* _To do_:
Every record below must be written out exactly. Leave out the pictures.
-- The records follows --
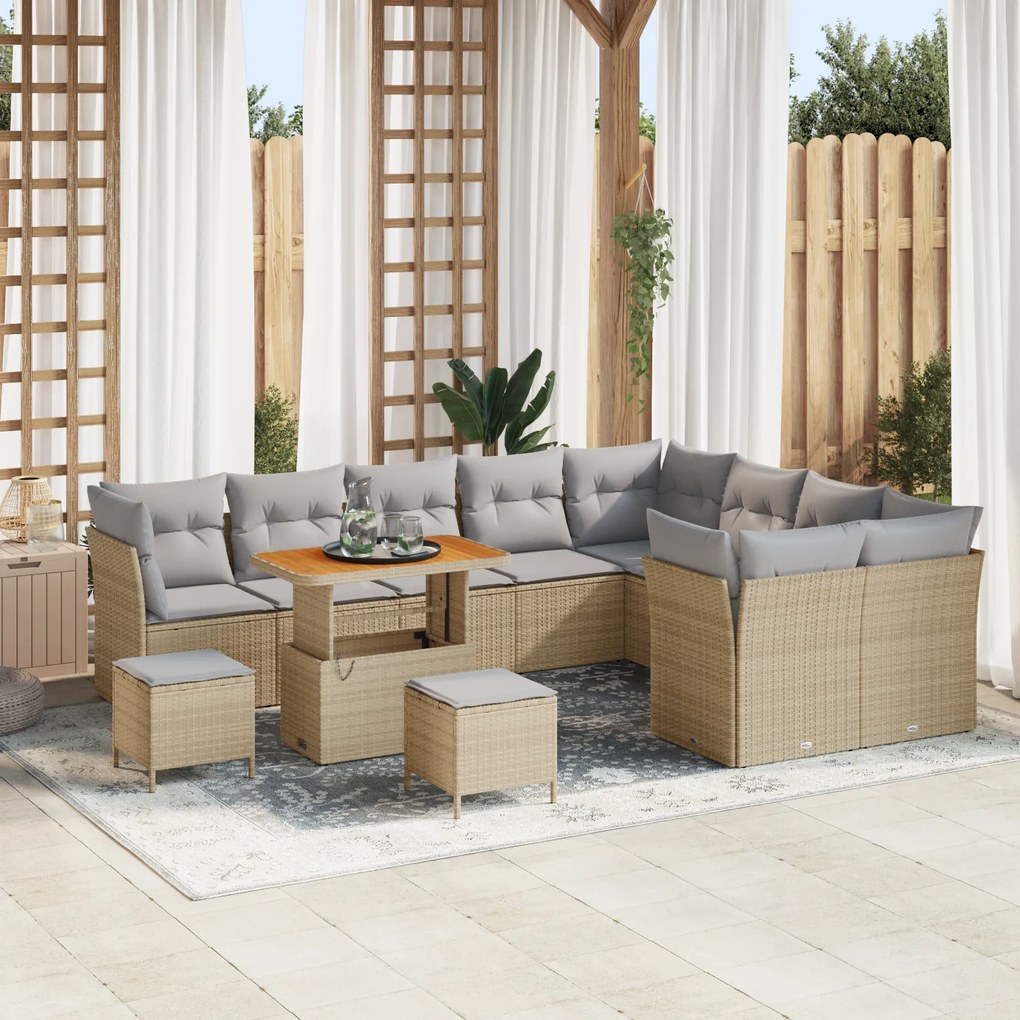 Conjunto de Sofás de Jardim de 12 Peças com Almofadas Bege de Rattan P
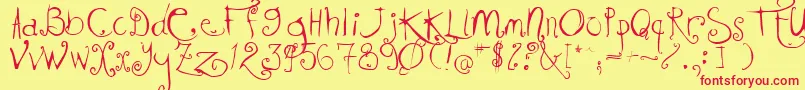 KISSMKMK Font – Red Fonts on Yellow Background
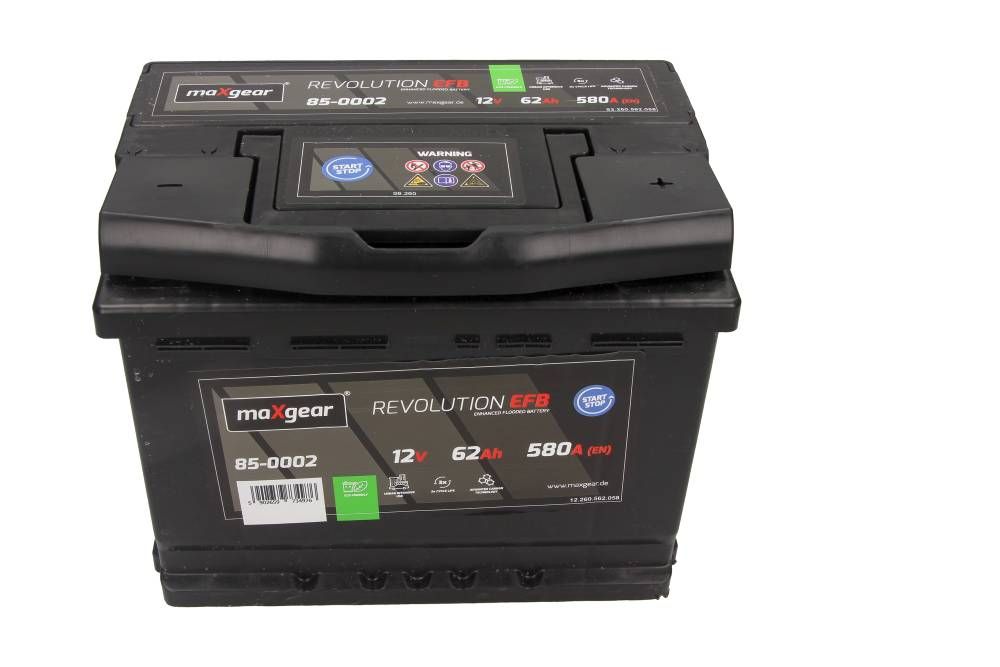 Akumulator 12V 62AH 580A L- 242X175X190 EFB MAXGEAR REVOLUTION ENHANCED FLOODED BATTERY MaXgear 85-0002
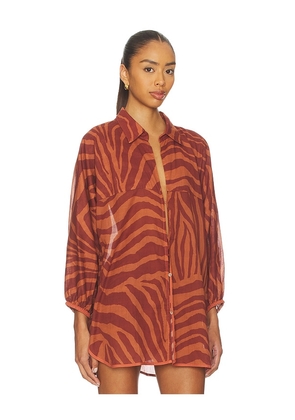 Vix Swimwear Mori Long Sleeve Blouse in Brown. Size M. Also in L, S.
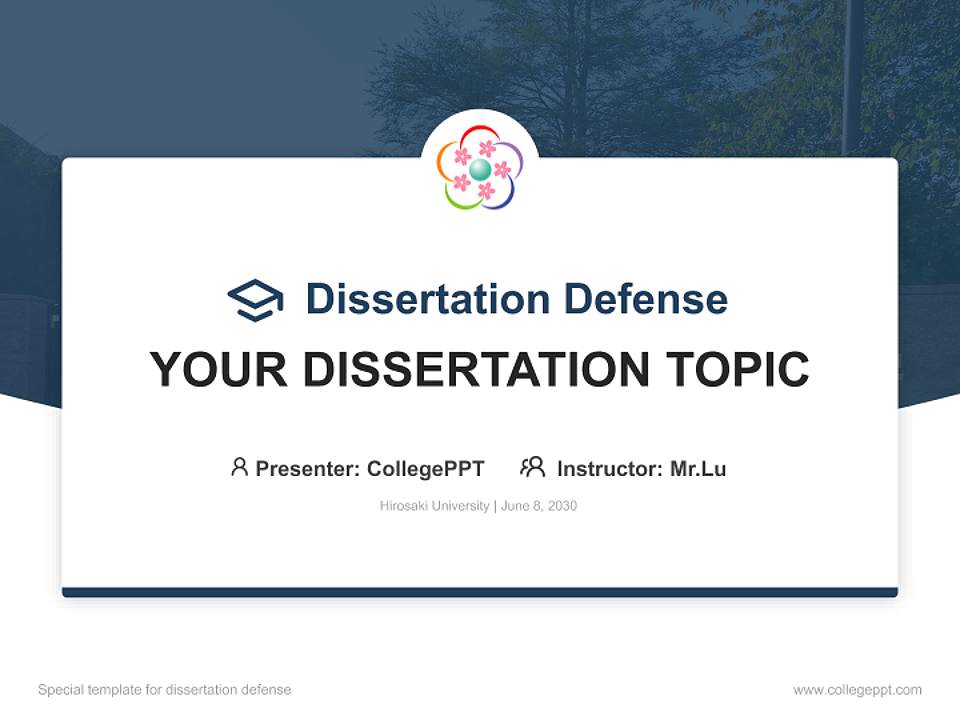 Hirosaki University Graduation Thesis Defense PPT Template4:3 ratio PPT effect preview image7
-- The records concluded --
* _Answer area_:
 Conjunto de Sofás de Jardim de 12 Peças com Almofadas Bege de Rattan P
 KISSMKMK Font – Red Fonts on Yellow Background
 Akumulator 12V 62AH 580A L- 242X175X190 EFB MAXGEAR REVOLUTION ENHANCED FLOODED BATTERY MaXgear 85-0002
 Vix Swimwear Mori Long Sleeve Blouse in Brown. Size M. Also in L, S.
 Hirosaki University Graduation Thesis Defense PPT Template4:3 ratio PPT effect preview image7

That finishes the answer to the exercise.